How the cookies stack up as as Google postpones apocalypse

Jun 28, 2021 at 05:23 pm by admin


The apocalypse has been postponed, but commentators say Google’s delay on third-party cookies may be a sign that FLoC will also be replaced.

Greg Piechota, UK-based ‘researcher-in-residence’ for INMA, says the slowdown – with Vinay Goel talking about moving “at a responsible pace” – follows “criticism from all sides and scrutiny from regulators”.

Google now wants to phase out third-party cookies in late 2023, two years later than originally planned, and Piechota says reference to a ‘rigorous, multi-phased public development process, including extensive discussion and testing periods’ for FLoC and other proposals, is a fairly obvious signal that it will end up changing or replacing FLoC.

The decision was announced last week in a post by Goel, who is privacy engineering director at Chrome.

Third-party cookies have been the backbone of online display advertising, with the US$250 billion industry using them to identify users across the web, target and retarget them with personalised ads, and measure effectiveness.

The original 2020 announcement cited privacy concerns of consumers and regulators, with several new privacy-friendlier technologies proposed as replacements, and known as the Privacy Sandbox initiative.

Now Goel is saying that despite “considerable progress” with the initiative more time is needed “across the ecosystem to get it right”.

Piechota says only four of 30 Privacy Sandbox technologies were ready for testing, with advertising agencies doubting Google’s internal tests that new technologies achieve 95 per cent of conversions per dollar vs. third-party cookies.

Publishers and ad tech vendors had initially hoped for alternative identifiers, such as Unified ID 2.0 – an idea Google abandoned in March – with the Privacy Sandbox allowing only targetting segments of anonymous people grouped by similar Web behaviours (so-called FLOCs).

In June, competition regulators including the European Commission announced probes into the Privacy Sandbox to prevent Google from abusing its position in the advertising technology and browser markets to enforce changes which will strengthen its dominance in online advertising.

Goel now says the delay will allow sufficient time for “public discussion on the right solutions, continued engagement with regulators, and for publishers and the advertising industry to migrate their services”.
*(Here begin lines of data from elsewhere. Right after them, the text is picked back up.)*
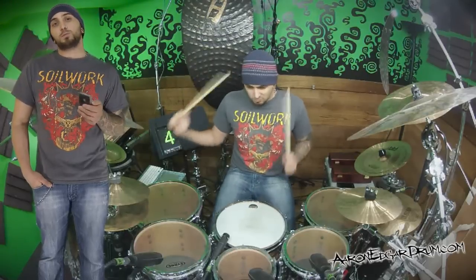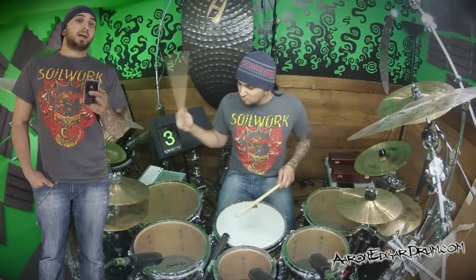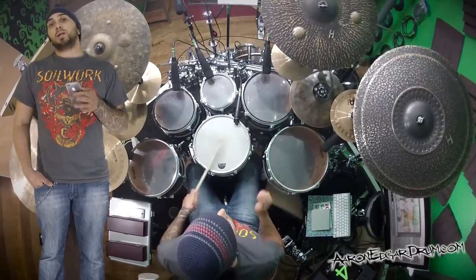So for 16th notes we have 4 notes per beat. We're going to count them as E and A: 1E and a, 2E and a, 3E and a, 4E and a.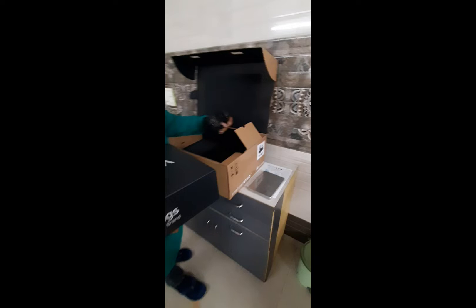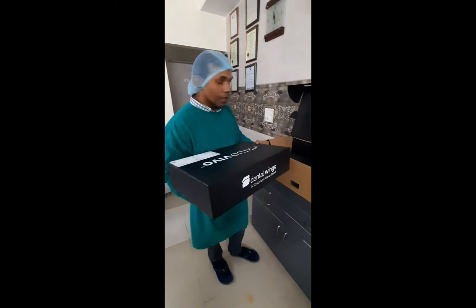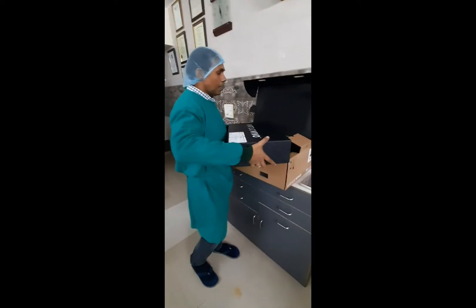You have something here as well — this is the charger and here you have the adapter. I think these are all part of this equipment. Let me just open it up.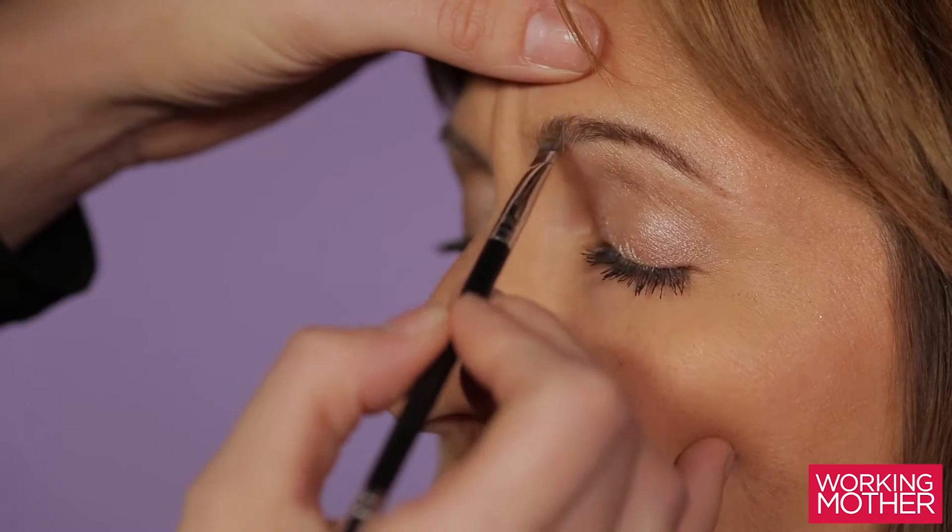With any excess shadow on your brush, move towards the front of your eyebrow.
IAB Europe chief economist Daniel Knapp told Piechota the announcement “moves the industry from fire-fighting to more strategic planning”, adding that the revolution in online advertising is “paused but not called off”. Whether or not targeting FLOCs is the final result of the Privacy Sandbox, Piechota says the shift towards privacy is clear, with consumers and privacy laws rejecting tracking, while tech companies abandon it, with browsers such as Safari and Firefox blocking third-party cookies by default since 2017 and 2019.

Google has promised to discuss prototypes such as W3C over the next year, conduct “numerous trials” with ad tech, publishers, and advertisers, and launch changes “only after considering the industry’s feedback”.

When that is complete and the technologies are launched in Chrome, “sometime late in 2022”, publishers and the advertising industry will get nine months to migrate their services.

Then, “starting in mid-2023”, Chrome will phase out support for third-party cookies over a three-month period finishing in late 2023.

Piechota says “the world after the cookie apocalypse” will likely be built on many pillars, differentiated by identifiability and addressability of individuals with ads, citing targeting logged-in users, shared identifiers, publisher-built segments based on first-party user or content data, targetting to FLOCs or other cohorts of anonymous users, and “last but not least”, contextual advertising.

“Many foresee the comeback of advertising networks offering ads on sites of similar contents,” he says, “and modern contextual targeting can also be very sophisticated, with content classification driven by AI.”

A survey of INMA members in April indicated that most felt “only moderately prepared” for the change while most remained reliant on third-party cookie technology.

Piechota says publishers have got a longer runway for adapting to the new era, but many are refocusing on first-party data to improve ad offerings as well as products and services based on improved customer knowledge.